Task instructions:
Could you give the records below again exactly, without the pictures?

Records to process:
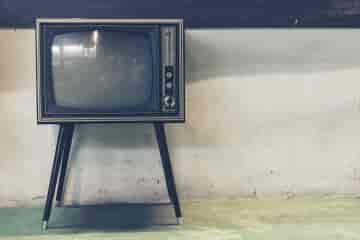 Schwerhörige – Klarer Ton beim Fernseher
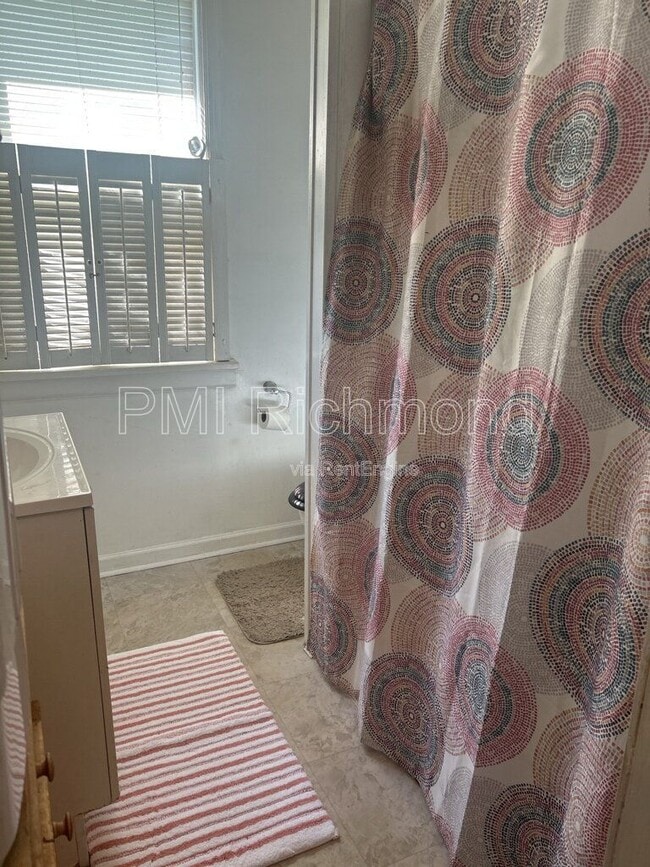 Building Photo - 915 Northampton Rd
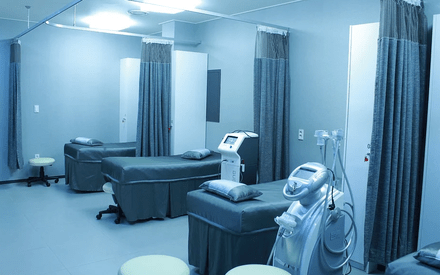 В Тюменской области за сутки от коронавируса скончались два человека 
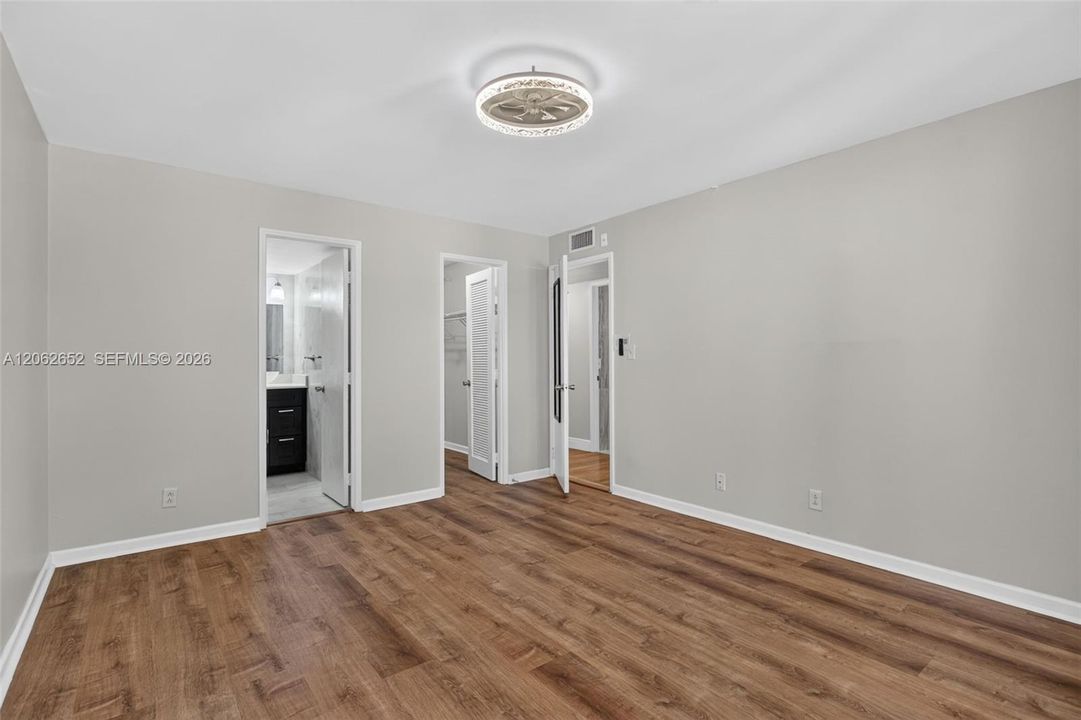 En Venta: $345,000 (2 camas, 2 baños, 910 Pies cuadrados)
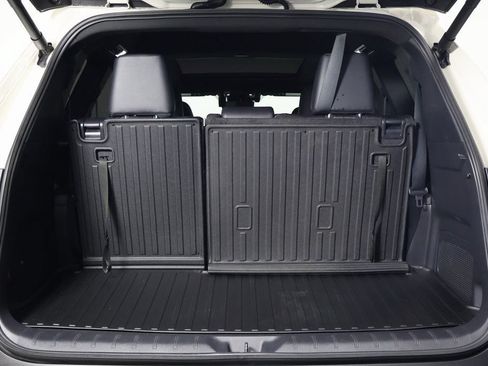 Used 2024 Toyota Grand Highlander AWD Hybrid image 15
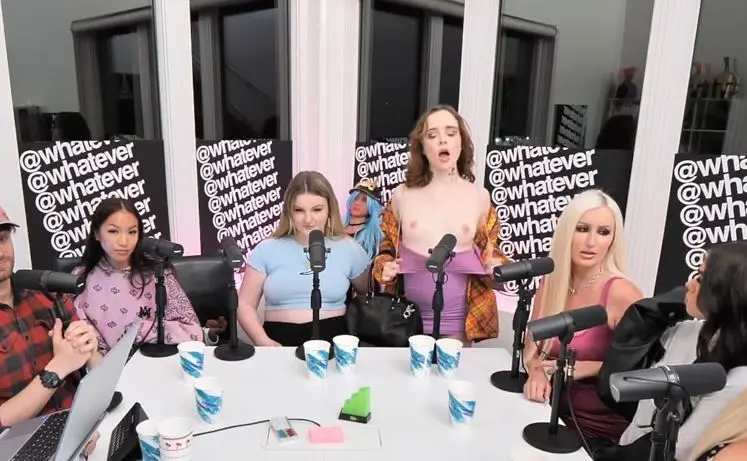 Lo que podcast Flash Tetas Chica llamada un Cunt Youtube Live Clip Video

Response area:
 Schwerhörige – Klarer Ton beim Fernseher
 Building Photo - 915 Northampton Rd
 В Тюменской области за сутки от коронавируса скончались два человека 
 En Venta: $345,000 (2 camas, 2 baños, 910 Pies cuadrados)
 Used 2024 Toyota Grand Highlander AWD Hybrid image 15
 Lo que podcast Flash Tetas Chica llamada un Cunt Youtube Live Clip Video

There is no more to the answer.